Belgian snooker player

Steve Lemmens (September 8, 1972 - October 11, 2016) was a Belgian former professional snooker player who played on the main tour between 1991 and 1995.

==Career==
Lemmens first burst onto the snooker scene in his home country when at the age of 16 he reached the finals of the Belgian Amateur Championship, a record that would not be beaten until 2010 by Luca Brecel. Three years later in 1990 he won the Belgian Championship after defeating five-time champion Mario Lannoye 7–2 in the final, as a result Lemmens went on to represent Belgium in the 1990 World Amateur Championship where he reached the final eventually losing 11–8 to Irishman Stephen O'Connor.

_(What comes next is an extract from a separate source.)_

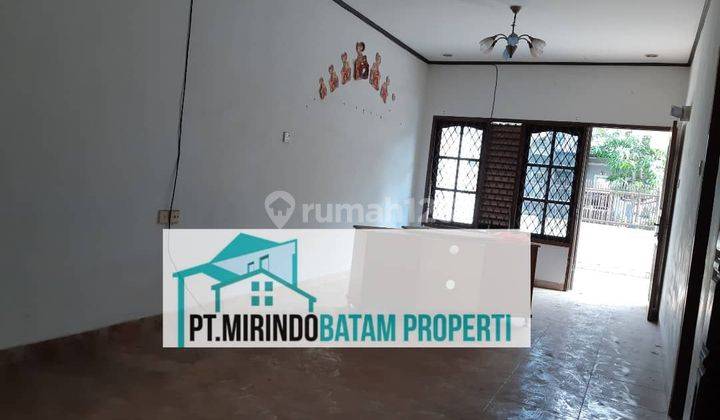 Dijual 1.05m Rumah 2lantai Baloi Mas Full Renovasi Lokasi Belakang Indomobil 2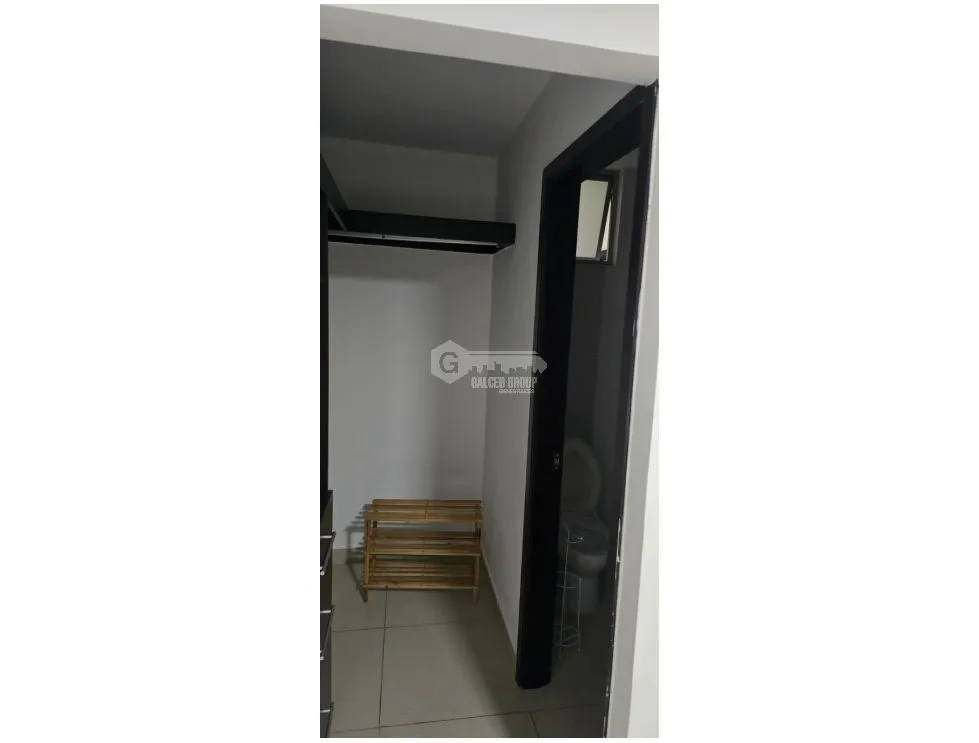 Appartement à El Crisol à louer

Following on from this success Lemmens turned professional in 1991, in a time when the tour was a largely open affair with over 700 players allowed to compete professionally. He had several years on the tour but ultimately only managed to achieve limited success with an appearance in the last 32 of the 1993 Welsh Open being his most successful result and never having climbed higher than 167th in the world rankings. By 1997, Lemmens had fallen further in the world rankings, and dropped off of the main tour at the end of the 1996–97 snooker season.

In 1996 he once again competed in the world amateur championship reaching the semi-finals before losing to eventual winner and future world champion Stuart Bingham.

==Death==
On 10 October 2016, at the age of 44, Lemmens died by suicide when he stood in front of a train at Wezemaal.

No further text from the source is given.